CategoricalDataSetEncode(TextReader, Char, IndexCollection, Boolean, DictionaryInt32, Categorizer, IFormatProvider) Method

Encodes categorical or numerical data from the stream underlying the specified text reader applying specific numerical data categorizers.

Definition

Namespace: Novacta.Analytics
Assembly: Novacta.Analytics (in Novacta.Analytics.dll) Version: 2.1.0+428f3840cfab98dda567bb0ed350b302533e273a

C#

public static CategoricalDataSet Encode(
	TextReader reader,
	char columnDelimiter,
	IndexCollection extractedColumns,
	bool firstLineContainsVariableNames,
	Dictionary<int, Categorizer> specialCategorizers,
	IFormatProvider provider
)

VB

Public Shared Function Encode ( 
	reader As TextReader,
	columnDelimiter As Char,
	extractedColumns As IndexCollection,
	firstLineContainsVariableNames As Boolean,
	specialCategorizers As Dictionary(Of Integer, Categorizer),
	provider As IFormatProvider
) As CategoricalDataSet

C++

public:
static CategoricalDataSet^ Encode(
	TextReader^ reader, 
	wchar_t columnDelimiter, 
	IndexCollection^ extractedColumns, 
	bool firstLineContainsVariableNames, 
	Dictionary<int, Categorizer^>^ specialCategorizers, 
	IFormatProvider^ provider
)

F#

static member Encode : 
        reader : TextReader * 
        columnDelimiter : char * 
        extractedColumns : IndexCollection * 
        firstLineContainsVariableNames : bool * 
        specialCategorizers : Dictionary<int, Categorizer> * 
        provider : IFormatProvider -> CategoricalDataSet

Parameters

reader TextReader: The reader having access to the data stream.
columnDelimiter Char: The delimiter used to separate columns in data lines.
extractedColumns IndexCollection: The zero-based indexes of the columns from which data are to be extracted.
firstLineContainsVariableNames Boolean: If set to true signals that the first line contains variable names.
specialCategorizers DictionaryInt32, Categorizer: A mapping from a subset of extracted column indexes to a set of categorizers, to be executed when extracting data from the corresponding columns.
provider IFormatProvider: An object that provides formatting information to parse numeric values.

Return Value

CategoricalDataSet
The dataset containing information about the streamed data.

Remarks

Data Extraction

Each line from the stream is interpreted as the information about variables observed at a given instance.

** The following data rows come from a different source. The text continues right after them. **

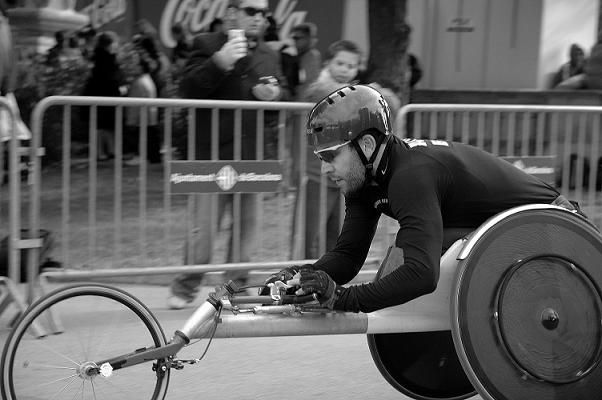 En carrera Deportiva Blanco y Negro (Digital)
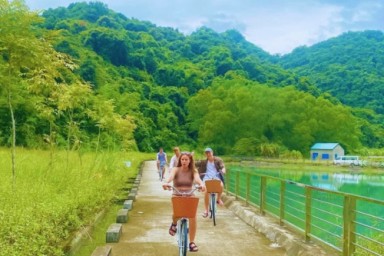 Viet Hai village - Ba Trai Dao islets (B, L, D)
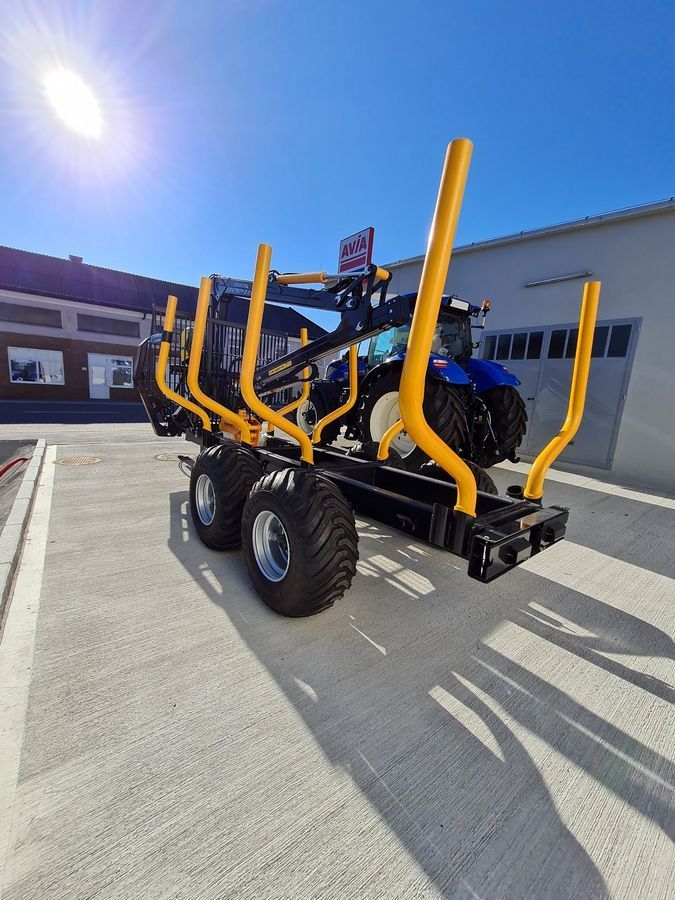 E-FARM: Country c700/t110s rückewagen - Forstanhänger - id I4NRC81 - 25.825 € - Baujahr: 2023 - Österreich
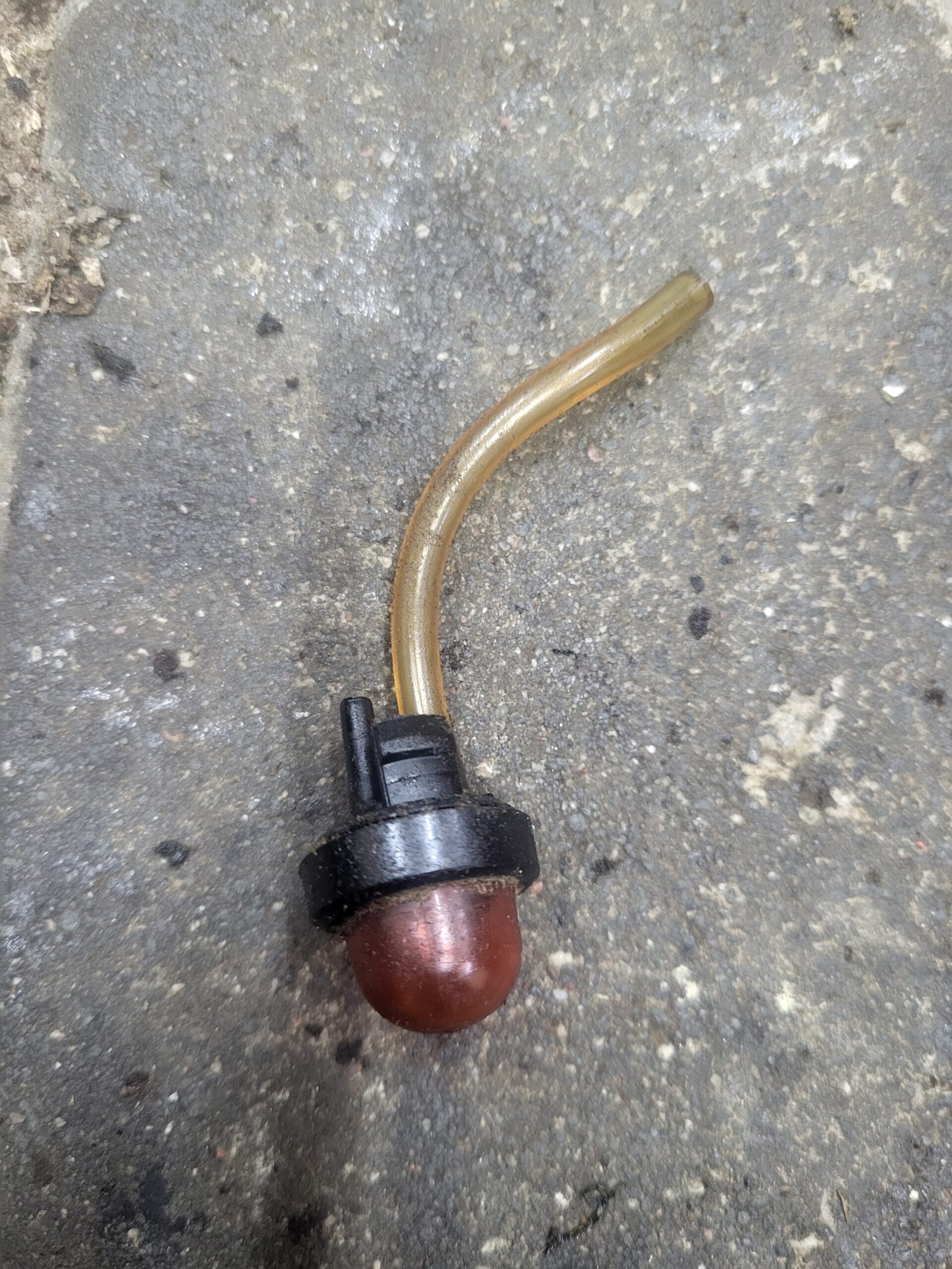McCulloch CS360 Pasiurbimo pompa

A line is split in tokens, each corresponding to a (zero-based) column, which in turn stores the data of a given variable. Columns are assumed to be separated each other by the character passed as columnDelimiter. Data from a variable are extracted only if the corresponding column index is in the collection extractedColumns.

Special Categorization

By default, tokens in a column are interpreted as category labels of the corresponding variable, which is inserted in the dataset as such. This behavior can be overridden by mapping a special categorizer to a given column by inserting, in the dictionary specialCategorizers, the categorizer as a value keyed with the index of the column whose data are to be categorized. A special categorizer can be useful if a given column corresponds to a numerical variable which must be discretized before its insertion in the dataset. For categorizers obtained by entropy minimization, see, for example, CategorizeByEntropyMinimization(TextReader, Char, IndexCollection, Boolean, Int32, IFormatProvider).

Example

In the following example, a stream contains two columns, the first corresponding to a numerical variable, and the second to a categorical one, which is interpreted as the target. A special categorizer, obtained by intra interval entropy minimization, is assigned to the first column to discretize its data, then both columns are encoded in a categorical dataset.

Categorizing numerical data by intra interval entropy minimization and subsequent encoding in a categorical dataset

using System;
using System.Globalization;
using System.IO;

namespace Novacta.Analytics.CodeExamples
{
    public class CategoricalEncodeExample1  
    {
        public void Main()
        {
            // Create a data stream.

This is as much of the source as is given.